What disturbs me is that two Asians, a Chinese and a Vietnamese, were quoted in this article. The Asians have owed a lot of their success to ignoring politics. I just wonder if this is a fluke or a trend.
Traitors like Noam Chomsky should be deported for at least 6 months to the Palestinean Area to get a reality check.
vaudine
It is unbelievable to me that parents are proud of spending $34,000 a year to send their kids to these socialist/communist sink holes.
I hope every alumni of these schools reads this and keeps their wallets closed when the begging letters come round.
Although I am a great fan of Sowell I have regretfully to yet read any of his books. I do read all his columns that I see and take all other opportunities to see and hear him on TV and radio.
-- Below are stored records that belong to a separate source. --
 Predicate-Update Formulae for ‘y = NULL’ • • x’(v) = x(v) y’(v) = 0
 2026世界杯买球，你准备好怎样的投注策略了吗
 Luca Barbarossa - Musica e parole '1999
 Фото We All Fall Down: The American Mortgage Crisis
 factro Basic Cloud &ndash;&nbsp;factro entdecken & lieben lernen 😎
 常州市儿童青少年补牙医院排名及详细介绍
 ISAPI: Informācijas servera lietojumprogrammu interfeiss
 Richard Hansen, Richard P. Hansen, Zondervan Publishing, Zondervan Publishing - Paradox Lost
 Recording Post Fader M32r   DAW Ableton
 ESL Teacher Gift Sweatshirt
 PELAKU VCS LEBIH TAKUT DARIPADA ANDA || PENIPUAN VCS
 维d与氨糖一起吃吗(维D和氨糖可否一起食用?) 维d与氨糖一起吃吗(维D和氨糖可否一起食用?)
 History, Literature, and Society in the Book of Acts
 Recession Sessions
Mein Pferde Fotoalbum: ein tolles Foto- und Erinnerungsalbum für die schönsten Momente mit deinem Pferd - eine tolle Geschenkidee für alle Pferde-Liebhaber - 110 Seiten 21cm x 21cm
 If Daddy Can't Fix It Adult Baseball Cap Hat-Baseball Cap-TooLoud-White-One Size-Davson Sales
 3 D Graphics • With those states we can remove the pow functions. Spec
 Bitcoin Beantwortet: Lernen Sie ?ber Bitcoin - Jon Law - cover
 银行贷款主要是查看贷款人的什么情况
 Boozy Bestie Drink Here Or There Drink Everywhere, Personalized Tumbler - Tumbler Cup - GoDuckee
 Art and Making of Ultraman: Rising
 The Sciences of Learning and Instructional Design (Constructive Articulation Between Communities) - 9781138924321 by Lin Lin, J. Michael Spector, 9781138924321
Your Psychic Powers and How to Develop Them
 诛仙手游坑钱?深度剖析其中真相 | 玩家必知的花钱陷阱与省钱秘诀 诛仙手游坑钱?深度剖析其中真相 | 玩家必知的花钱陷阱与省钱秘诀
I appreciate your sharing his views on this subject. I have since given it some thought and it may, indeed, be the basis of their beliefs but I still seek something more fundemental, like guilt, greed, desire for power, atonement, etc. Basic gut emotions that afflict us all in different ways. I suspect it may involve all those things and Sowell's "coin of the realm" example may just be another vehicle rather than reason. But, hey, Sowell is much smarter than I am and this is the first I have seen of this idea and it seems a great one.
As for his books, I highly recommend them. For the first time reader I'd recommend The Economics and Politics of Race"
It's hardly his most comprehensive work, but it's a lightning fast read, and doesn't cost too much (relative to his other books). Most of the ideas in it are being recycled in a sort of populist way by Larry Elder in his book "Ten things you can't say in America" but when Larry Elder says it, it lacks that "ring of incontrovertible truth" that comes with all of Dr. Sowell's writing.
Where did these people come from? Why are they called refugee camps? How many of these people are there, and how many are reallt Jordanians?